Il pensa à Creath montant les escaliers à pas feutrés, séduit par sa féminité.
Elle est cette chose avilie que maman était devenue, se dit-il, corrompue par son sexe, mais en pire, en cent fois pire…
Maman, je te protégerai, dit en lui le petit garçon de six ans.
Sa tête était devenue une cacophonie de voix.
Mais celle-ci n’a pas besoin de protection, pensa Travis.
La porte de la cabane s’ouvrit alors, le poussant à se dissimuler parmi les ruines fragiles des saules blancs de l’été. Deux silhouettes au clair de lune. Il reconnut Nancy au premier coup d’œil. La forme s’appuyant contre elle ne pouvait être qu’Anna. Mais une Anna différente… luisant d’un vague feu bleu, ce qui était déjà étrange en soi, mais différente aussi d’autres manières… les os mieux définis dans son corps délicat, les yeux très larges, les bras plus longs.
C’était donc vrai. Ce qu’il avait vu la semaine précédente ne relevait pas de l’hallucination. Elle changeait bel et bien. Elle n’était pas humaine.
Mais Nancy devait sûrement s’en apercevoir ?

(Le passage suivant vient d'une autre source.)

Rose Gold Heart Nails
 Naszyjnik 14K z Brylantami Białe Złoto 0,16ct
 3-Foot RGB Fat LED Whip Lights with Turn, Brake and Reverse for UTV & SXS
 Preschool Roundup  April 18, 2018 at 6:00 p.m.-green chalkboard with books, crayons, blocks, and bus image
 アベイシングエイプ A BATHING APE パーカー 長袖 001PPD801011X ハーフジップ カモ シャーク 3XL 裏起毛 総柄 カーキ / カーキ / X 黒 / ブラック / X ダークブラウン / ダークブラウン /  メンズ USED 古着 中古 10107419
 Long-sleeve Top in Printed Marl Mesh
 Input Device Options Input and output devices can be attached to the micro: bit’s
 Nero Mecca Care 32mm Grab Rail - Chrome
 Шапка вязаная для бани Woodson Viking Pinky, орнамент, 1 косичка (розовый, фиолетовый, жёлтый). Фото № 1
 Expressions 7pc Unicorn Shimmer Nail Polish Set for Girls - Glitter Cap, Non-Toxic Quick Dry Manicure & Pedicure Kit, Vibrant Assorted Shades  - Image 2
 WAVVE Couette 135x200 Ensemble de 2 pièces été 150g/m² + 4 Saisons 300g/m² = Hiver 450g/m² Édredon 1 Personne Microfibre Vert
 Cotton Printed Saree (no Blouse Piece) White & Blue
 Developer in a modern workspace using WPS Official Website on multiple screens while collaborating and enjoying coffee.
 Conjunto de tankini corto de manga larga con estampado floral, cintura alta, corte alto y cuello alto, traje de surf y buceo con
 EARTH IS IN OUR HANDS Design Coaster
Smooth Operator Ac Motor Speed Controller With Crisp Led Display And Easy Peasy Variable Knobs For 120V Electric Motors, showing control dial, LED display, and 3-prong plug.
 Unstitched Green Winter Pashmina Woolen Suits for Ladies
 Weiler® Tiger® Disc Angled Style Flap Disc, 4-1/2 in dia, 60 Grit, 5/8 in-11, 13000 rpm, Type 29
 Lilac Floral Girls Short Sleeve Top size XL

Elles se tenaient désormais accroupies au bord de la rivière, où Nancy baignait le front de la chose-Anna avec de l’eau, et là où l’eau de la rivière touchait la peau, la fébrile lueur bleue semblait disparaître. Au loin s’éleva le bruit de moteurs démarrant : la réunion évangélique était terminée.
Elle change, pensa Travis. Mais pas tout à fait de la manière à laquelle il s’attendait.
Lorsqu’il plissa les yeux pour mieux voir la vague silhouette d’Anna sur la berge, d’antiques peurs s’éveillèrent en lui.
Si ça continue, pensa-t-il avec ahurissement, bientôt, bientôt, il ne restera plus rien d’Anna Blaise.